4. TRAVAIL D’ACCOUCHEMENT

A) Diagnostic

  • Plaintes :
  • Douleurs intermittentes spontanées et involontaires siégeant au dos et au bas-ventre, régulières et augmentant progressivement de durée, d’intensité et de fréquence à mesure que le travail évolue • Perte du bouchon muqueux mélangé ou non au sang • Parfois perte des eaux, pollakiurie ou diarrhée – Examen obstétrical et gynécologique:
  • Au palper abdominal, l’utérus se contracte et se relâche à intervalles réguliers • Au T.V.: le col est effacé et dilaté (on notera l’importance de la dilatation, l’état des membranes, le type de présentation, la position et le degré d’engagement du mobile foetal dans le pelvis)
    B) Prise en charge d’une parturiente qui vient pour accoucher
    Dès la réception à la salle d’accouchement, on fera un prélèvement des urines pour la recherche des protéines et du sucre, un prélèvement de sang pour faire le G.S.+Rh (s’il n’est pas connu ou s’il est douteux) ainsi que le dosage de l’hémoglobine.
    Entre-temps, on examinera attentivement sa fiche des C.P.N. afin d’en tirer les renseignements utiles sur l’évolution de la grossesse (les pathologies gravidiques, les différents examens faits, traitements administrés pendant la grossesse, la décision obstétricale prise, etc.)
    Si la parturiente n’a pas suivi les C.P.N. ou les a suivi ailleurs et qu’elle ne dispose pas d’une fiche ou d’une note de transfert explicite, on reprendra l’anamnèse (cfr. chap. 1) et on établira le dossier obstétrical
  • On demandera le motif de la consultation (douleurs de travail, perte des eaux, hémorragie génitale, etc.) • On fera un examen clinique général: État général, poids , taille, T.A., pouls, T°, coloration des conjonctives et muqueuses…, auscultation cardio-pulmonaire, examen de l’abdomen, recherche des O.M.I, des varices ou d’une boiterie éventuelle • On fera ensuite un examen obstétrical: mesure de la H.U., auscultation des B.C.F, recherche du type de présentation, évaluation du degré d’engagement du mobile foetal, et l’évaluation des contractions utérines au palper abdominal (intensité et fréquence). • On fera enfin un examen gynécologique complet: ♦ Inspection de la vulve: Condylome? Herpès? Ulcération? Tuméfaction de la glande de Bartholin? Trophicité de la cicatrice périnéale, etc. ♦ Examen au spéculum : diaphragme vaginal?, aspect du col (multi ou nullipare?, sain ou infecté?, déchirure ou brèche?, hémorragie?, écoulement du liquide amniotique dont on notera l’aspect: clair, méconial ancien ou frais, l’abondance et l’odeur…)

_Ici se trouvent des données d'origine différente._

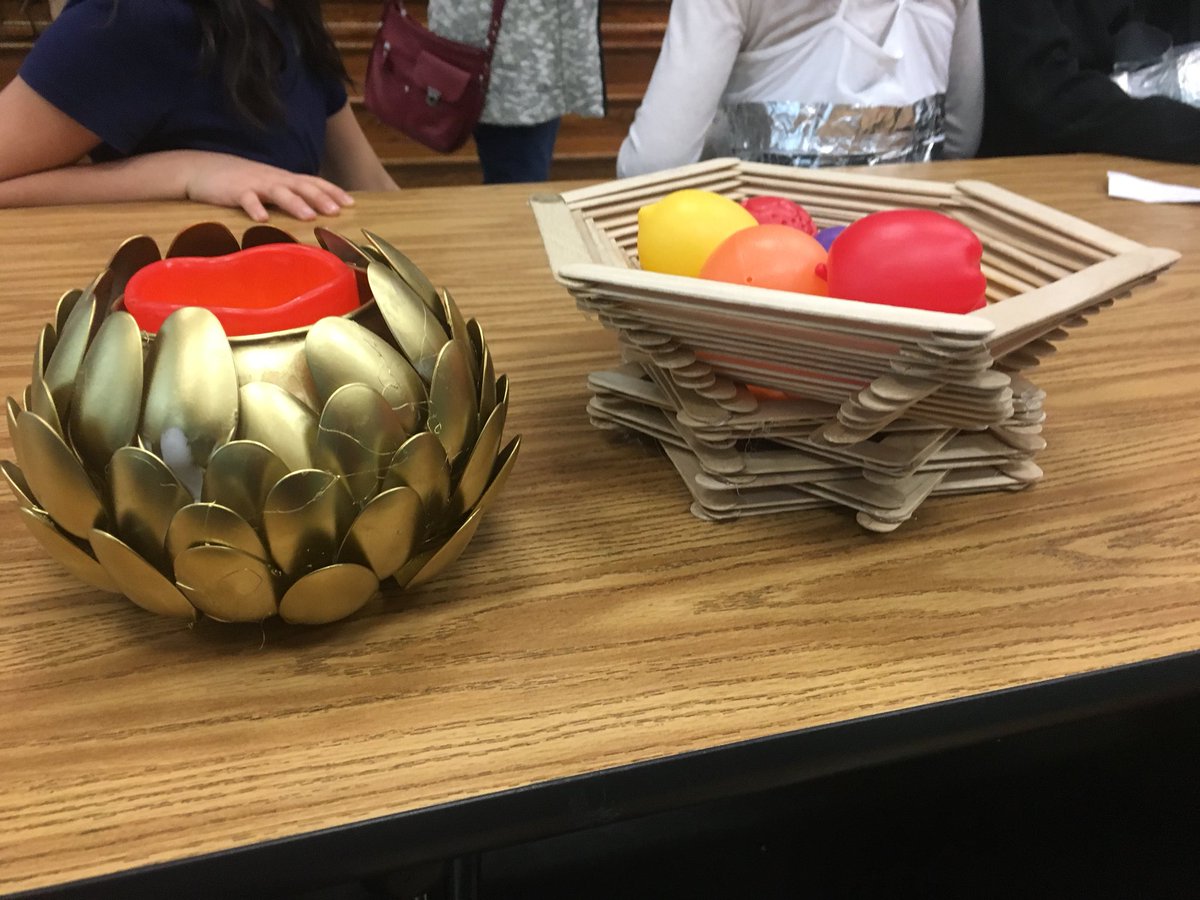Jlberry99's tweet photo. Trashy art and fashion show is happening today! These @CME_Tigers are super creative!! And they know their natural resources too... @CME_Russell @MrSchneiderCME @cmepto https://t.co/TfIi8L5JFg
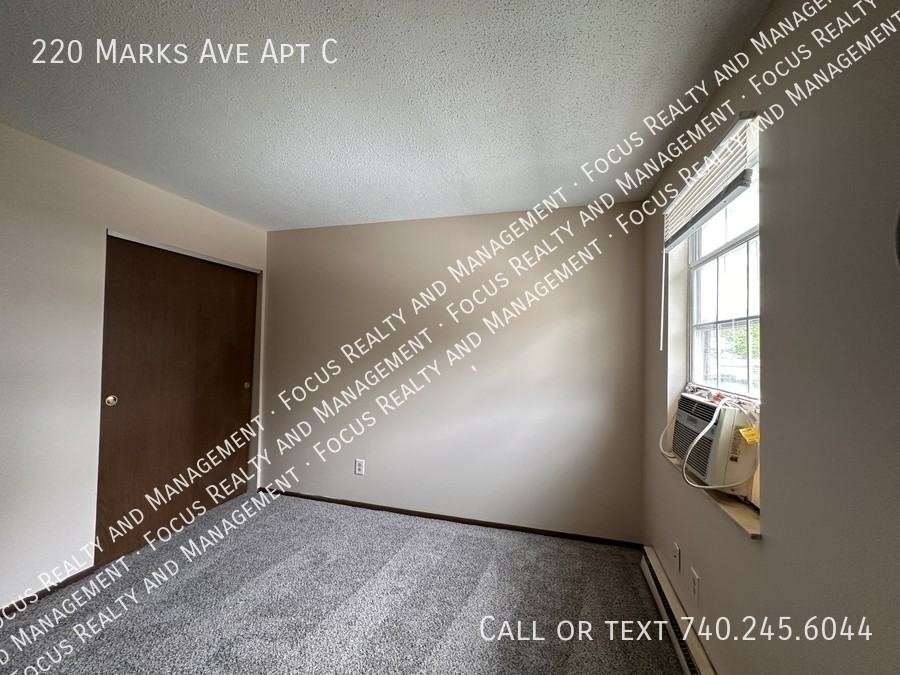 220 Marks Ave Apt C - Photo 7 of 7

♦ Au T.V.: on évaluera la souplesse du périnée, la longueur, la position, la consistance, la dilatation du col, l’état des membranes (si col dilaté), le type de présentation, la position et le degré d’engagement du mobile foetal dans le pelvis, on recherchera éventuellement la classique sensation matelassée dans les cul-de-sac vaginaux en cas de suspicion de P.P.V., on terminera l’examen par l’évaluation du bassin. • On lui fera un rasage vulvo-périnéale suivi d’un lavement avec 2 litres d’eau tiède (sauf si les membranes sont déjà rompues ou si la dilatation est très avancée: > 6 cm) pour éviter la défécation combien désagréable pour l’accoucheur au moment de l’expulsion foetale A l’issu de cet examen on établira le pronostic d’accouchement par voie basse en fonction des antécédents, des éléments de l’examen clinique général et obstétrico-gynélogique:

  • Si l’accouchement par voie basse est impossible ou trop risqué pour la mère et/ou pour le foetus, on pratiquera une césarienne • Si par contre l’accouchement par voie basse est possible et sans danger pour la mère et/ou pour le foetus , on établira un partogramme sur lequel seront consignés les résultats des examens régulièrement faits ainsi que les différents traitements administrés. Si on utilise le partogramme de FRIEDMAN, on tracera la ligne d’attention 2 h en retrait de la dilatation dès le moment où celle-ci aura atteint 3 ou 4 cm. La pente devra tenir compte d’une vitesse minimale de dilatation de 1 cm/h. On tracera la ligne d’action, parallèle à la première, 4 heures à la droite de celle-ci. Toutes les fois que cette ligne d’action sera atteinte, l’accoucheur devra prendre une décision appropriée à chaque cas.
  • La surveillance du travail consistera en: ♦ la prise des signes vitaux et la quantification de la diurèse toutes les heures ♦ l’évaluation du tonus utérin et des C.U. (nombre, durée, intensité et fréquence) ♦ l’auscultation des B.C.F toutes les 15 à 30 minutes de préférence en fin de contraction pour pouvoir déceler les ralentissements tardifs éventuels ♦ l’évaluation de la progression de la dilatation et de la descente du mobile foetal par le T.V. toutes les 1 à 3 heures selon la phase du travail et la parité de la parturiente. Pendant le travail, la parturiante.on
    ne devra pas permettre à la parturiente de déambuler, car cette pratique loin d’apporter un bénéfice sur l’évolution du travail, peut s’avérer dangereuse si les membranes venaient à se rompre avec risque de procidence du cordon
  • Si les C.U. sont insuffisantes ou si la progression de la dilatation est trop lente, on procédera à une R.A.P.E. (si toutes les conditions sont réunies) après 4 cm en vue d’accélérer le travail. Si malgré cela l’évolution du travail ne s’améliore pas on placera un Theobald après avoir exclu une D.F.P.. • On usera des antispasmodiques (Buscopam, Spasmalgine, Spasfon*…), surtout si le col est spastique ou oedematié,. • On administrera , si besoin, 10 mg de Diazépam après 4 cm de dilatation, surtout si la parturiente est très agitée ou anxieuse, (sauf si le travail est avancé ou si l’accouchement est imminent à cause du risque de somnolence de l’enfant à la naissance ).
    REMARQUE : Une parturiente ne peut travailler plus de 24 h; mieux la durée du travail ne peut dépasser 15 heures chez une multipare et de 18 heures chez une primipare. Il est aberrant


voire même dangereux de chercher à obtenir à tout prix un accouchement par voie basse quel que soit l’état de l’enfant à la naissance.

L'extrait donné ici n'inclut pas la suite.